Commercial banks own high-value relationships within their firms, but legacy systems, fragmented operations, and incremental tech investments are holding them back. They must seriously up their digital game to meet the broad B2B needs of corporates, commercial clients, and small and mid-sized enterprises, each with unique and highly customized requirements.
This modernization or transformation is entirely different and far more complex in the B2B space. Compared to retail banking, a sexy app does not win the day in commercial banking. Commercial banks should balance foundational modernization initiatives between practical platform solutions and custom builds. Service providers have a critical role to play in enabling this reality.
Our recently published assessment, HFS Horizons: The Best Service Providers for Commercial Banks, 2025, revealed that the sector desperately needs modernization but remains bogged down by extenuating circumstances that impact budgets and solution extensibility.
Source: HFS Research, 2025
The current high-interest-rate environment has been a double-edged sword for commercial banks.
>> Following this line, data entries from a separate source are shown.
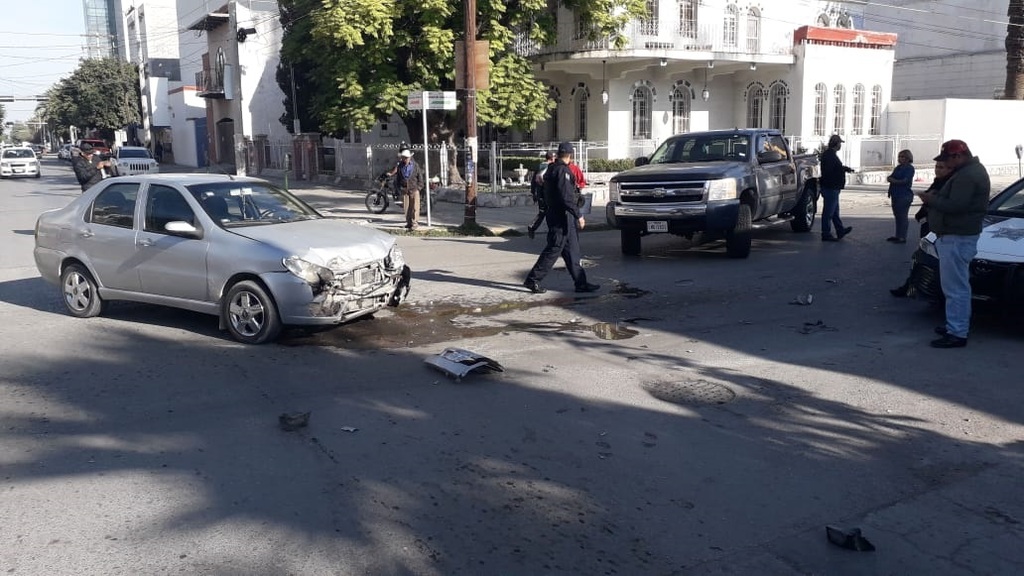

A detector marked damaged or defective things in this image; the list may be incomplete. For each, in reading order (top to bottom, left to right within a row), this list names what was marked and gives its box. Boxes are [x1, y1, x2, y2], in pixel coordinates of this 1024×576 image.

crumpled car hood [231, 217, 395, 266]
crumpled car hood [974, 214, 1024, 261]
damaged front bumper [264, 264, 411, 325]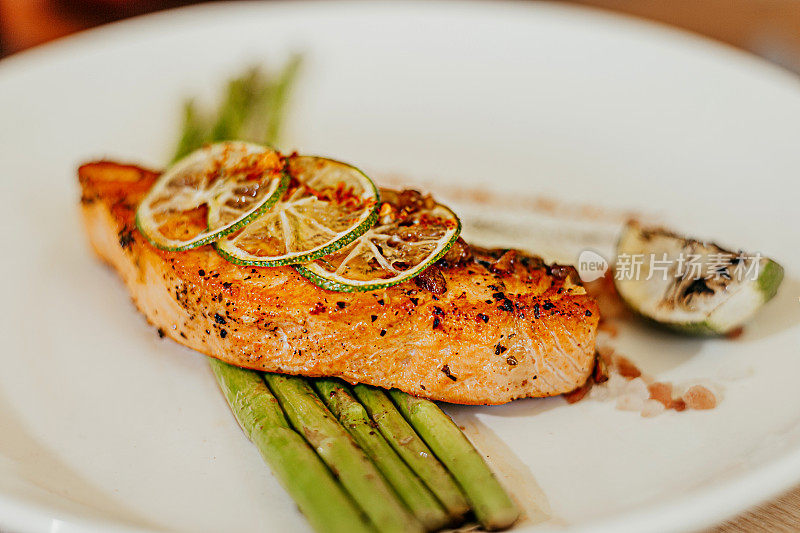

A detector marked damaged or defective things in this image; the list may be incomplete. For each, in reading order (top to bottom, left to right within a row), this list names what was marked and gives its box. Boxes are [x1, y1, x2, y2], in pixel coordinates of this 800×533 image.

charred lime slice [137, 140, 288, 250]
charred lime slice [214, 156, 380, 268]
charred lime slice [296, 190, 462, 294]
charred lime slice [616, 220, 784, 332]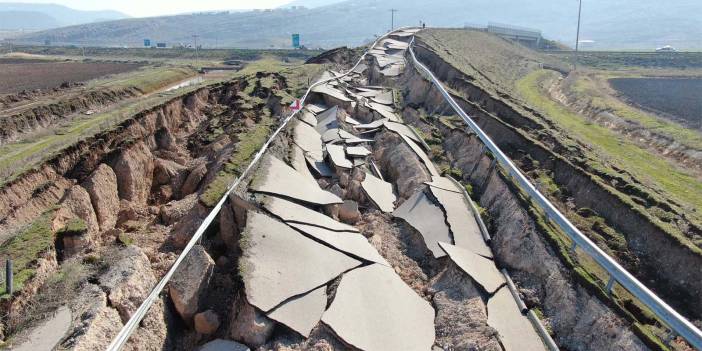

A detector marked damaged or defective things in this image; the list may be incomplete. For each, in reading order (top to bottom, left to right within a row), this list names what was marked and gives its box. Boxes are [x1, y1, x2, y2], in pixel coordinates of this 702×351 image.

broken concrete slab [250, 156, 344, 206]
broken concrete slab [242, 212, 364, 314]
broken concrete slab [292, 120, 326, 160]
broken concrete slab [262, 197, 360, 232]
broken concrete slab [328, 144, 354, 170]
broken concrete slab [290, 223, 394, 266]
broken concrete slab [364, 173, 396, 213]
broken concrete slab [402, 133, 440, 176]
broken concrete slab [396, 190, 452, 258]
broken concrete slab [426, 187, 492, 258]
broken concrete slab [440, 242, 506, 294]
broken concrete slab [266, 284, 328, 338]
broken concrete slab [324, 266, 434, 350]
broken concrete slab [490, 286, 552, 351]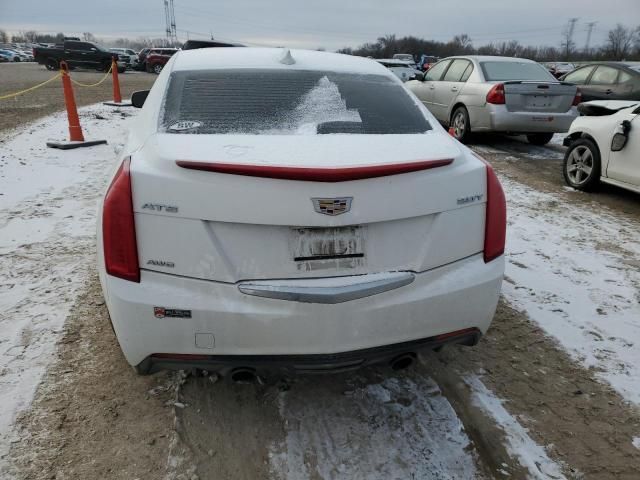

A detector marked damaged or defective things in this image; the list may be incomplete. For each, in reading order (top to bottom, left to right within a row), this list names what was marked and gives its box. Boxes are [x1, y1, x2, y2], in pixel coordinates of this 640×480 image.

cracked rear window [159, 69, 430, 135]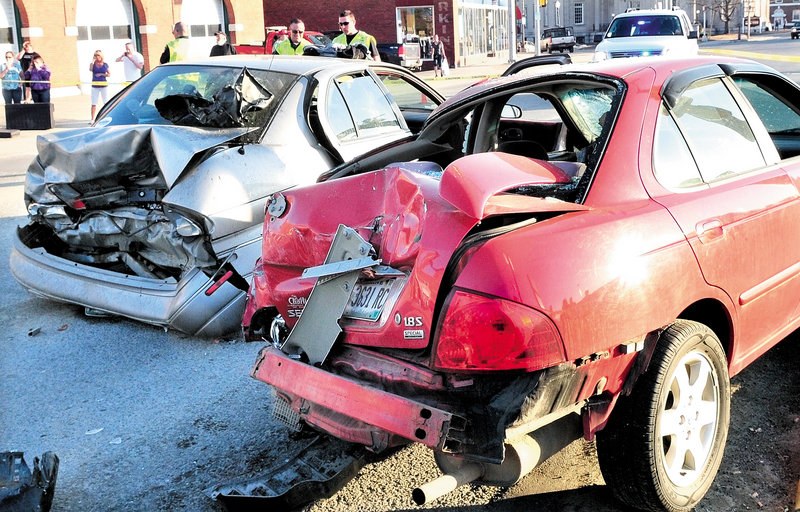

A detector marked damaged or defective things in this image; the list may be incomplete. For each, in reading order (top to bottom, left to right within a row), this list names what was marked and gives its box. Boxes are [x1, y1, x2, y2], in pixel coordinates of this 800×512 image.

shattered rear window [97, 65, 296, 129]
damaged silver sedan [7, 57, 444, 336]
bent license plate [342, 280, 396, 320]
broken tail light [432, 290, 568, 370]
wrecked red sedan [241, 56, 800, 512]
crumpled rear bumper [248, 346, 462, 450]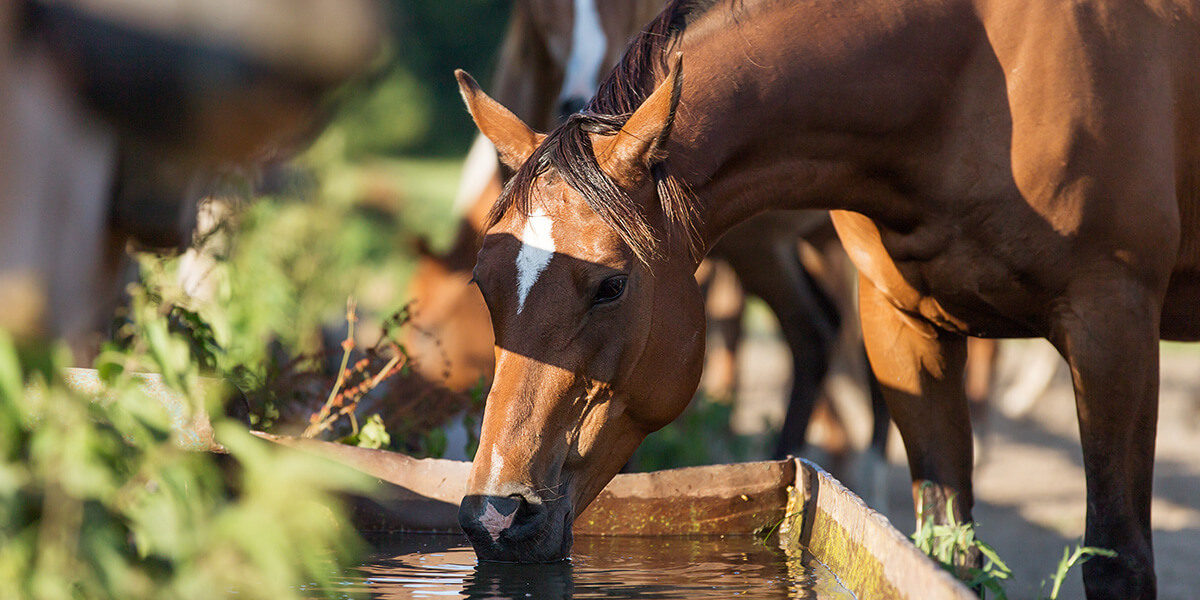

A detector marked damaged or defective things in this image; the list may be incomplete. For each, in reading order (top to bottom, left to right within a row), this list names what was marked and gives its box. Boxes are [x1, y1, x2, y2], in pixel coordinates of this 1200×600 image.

rusty trough edge [782, 456, 979, 597]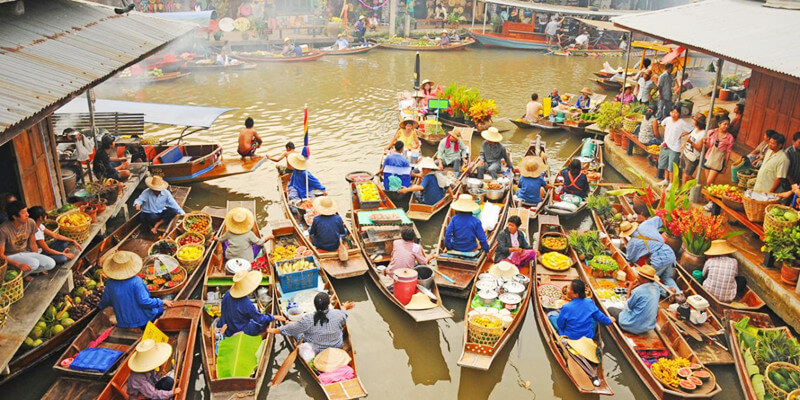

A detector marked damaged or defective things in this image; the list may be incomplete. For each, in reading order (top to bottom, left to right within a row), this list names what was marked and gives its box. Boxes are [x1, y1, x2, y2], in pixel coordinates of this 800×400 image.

rusty metal roof [0, 0, 194, 138]
rusty metal roof [612, 0, 800, 81]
On one side, rising rates, unseen in over 15 years, unlocked new profit potential, notably in net interest income. Conversely, costlier borrowing curtailed loan demand, while fierce competition for deposits forced banks to offer premium rates, thinning margins and straining overall profitability.
Unlike the flashy world of B2C retail banking, commercial banking CX is rooted in the precision of B2B demands, requiring 24/7 capital transparency and seamless operations. Clients expect secure, straight-through processing. Banks are blending automation with human insight to digitize front-end journeys while preserving expert-led service. Top CX priorities 2025 include smart onboarding, omnichannel access, and real-time, 360° liquidity visibility across banks.
Commercial banks modernize core functions, such as lending, treasury, and trade finance without relying on fully bespoke builds, a marked shift toward commercial off-the-shelf (COTS) platforms for standard needs. Where legacy systems lag and upgrades fall short, banks opt to ‘build to extend,’ using APIs, microservices, and modular tools to layer innovation atop aging infrastructure, delivering agility without full-scale overhauls.
Sample: N = 36 commercial bank respondents
Source: HFS Research, 2025
Commercial banks are now realizing functional digital and optimization outcomes from their service providers. These outcomes are aligned with Horizon 1 values (see Exhibit 2): driving cost reduction, speed, and efficiency. In two years, they will continue focusing on functional digital transformation to strengthen digital hygiene. However, mere point transformation is not enough.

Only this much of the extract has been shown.